All this said, in any case, this is stepping into a world of very expensive flying regardless of the purchase price. If after all these issues you have to be prepared for, and you still want to spend money on a Citation, if this is a solid plane, it would be a great candidate for putting Williams engines and a Garmin panel at overhaul time and make a worthwhile Citation even though it wouldn’t be an Encore or other more updated model, but you could save your money and build it as you go.

When buying a Citation, you’re sort of buying a plane and you’re buying a pair of engines. The plane has one value and the engines another. There are plans available where you pay for engine time as you go. Some people like that, but if you have someone to manage it properly and a good engine shop, mechanic and so forth, you can have less expensive engine and maintenance costs. You sort of look at engines by the hour like fuel. At o/h costing about a $1M per side, not including hot section and good for about 3500 hours, that’s about $600 per hour engine cost and something like 190 GPH costing about $950 per hour (rough guess) yeah, the initial cost is not a lot of the overall equation.

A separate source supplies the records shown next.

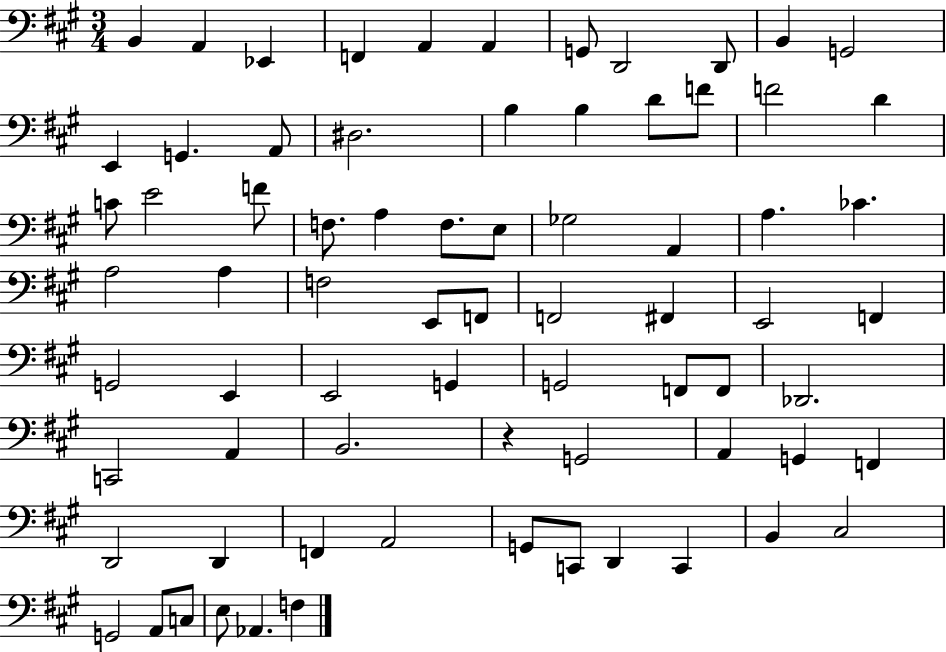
{
  \clef bass
  \numericTimeSignature
  \time 3/4
  \key a \major
  b,4 a,4 ees,4 | f,4 a,4 a,4 | g,8 d,2 d,8 | b,4 g,2 | \break e,4 g,4. a,8 | dis2. | b4 b4 d'8 f'8 | f'2 d'4 | \break c'8 e'2 f'8 | f8. a4 f8. e8 | ges2 a,4 | a4. ces'4. | \break a2 a4 | f2 e,8 f,8 | f,2 fis,4 | e,2 f,4 | \break g,2 e,4 | e,2 g,4 | g,2 f,8 f,8 | des,2. | \break c,2 a,4 | b,2. | r4 g,2 | a,4 g,4 f,4 | \break d,2 d,4 | f,4 a,2 | g,8 c,8 d,4 c,4 | b,4 cis2 | \break g,2 a,8 c8 | e8 aes,4. f4 | \bar "|."
}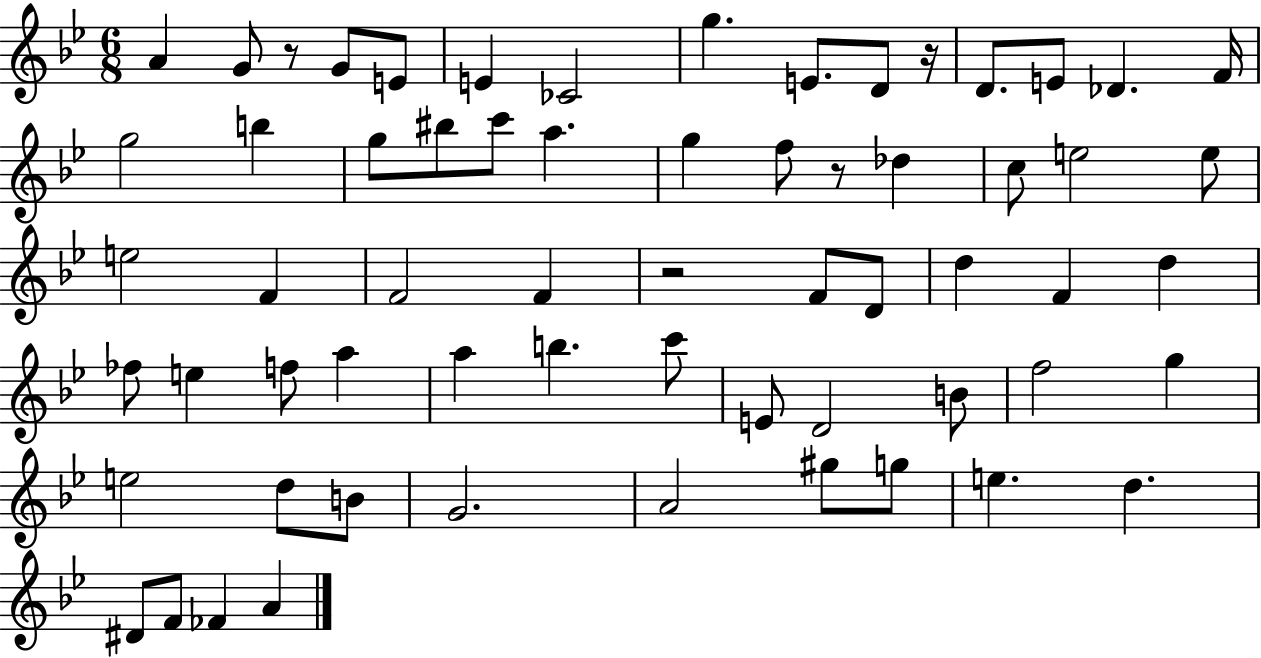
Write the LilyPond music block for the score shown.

{
  \clef treble
  \numericTimeSignature
  \time 6/8
  \key bes \major
  a'4 g'8 r8 g'8 e'8 | e'4 ces'2 | g''4. e'8. d'8 r16 | d'8. e'8 des'4. f'16 | \break g''2 b''4 | g''8 bis''8 c'''8 a''4. | g''4 f''8 r8 des''4 | c''8 e''2 e''8 | \break e''2 f'4 | f'2 f'4 | r2 f'8 d'8 | d''4 f'4 d''4 | \break fes''8 e''4 f''8 a''4 | a''4 b''4. c'''8 | e'8 d'2 b'8 | f''2 g''4 | \break e''2 d''8 b'8 | g'2. | a'2 gis''8 g''8 | e''4. d''4. | \break dis'8 f'8 fes'4 a'4 | \bar "|."
}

Another problem is downtime waiting on parts. You need to manage maintenance by locating the parts that may be needed at the next inspection phase to prevent massive downtime of an expen$ive asset while awaiting parts.

There’s may be nothing more expensive than a cheap Citation.
 
Last edited:
I wonder how often that sort of thing happens to more humble SE prop birds... the cessna's, pipers, beechcraft, mooney's, etc... that we all love so much...
I don’t think it happens with prop planes so much since their value generally doubled during the Covid. With some really small planes like old Cherokees and 150’s the value might not be there, but I don’t envision many getting scrapped.

We have several Citatations on the field, but none older than an Encore, so I have never known of one scrapped like you describe. Yes, engine overhaul alone at about a million per side could result in such a measure, but most people realize that they have the plane cost and then they have the expense of the engines on the plane. It’s two different expenses.
 
????? It’s not a jet???? I don’t see any propellers. There’s nothing wrong with an older, well kept Citation.
Of course not… it’s just the speed that gets a chuckle in the jet world.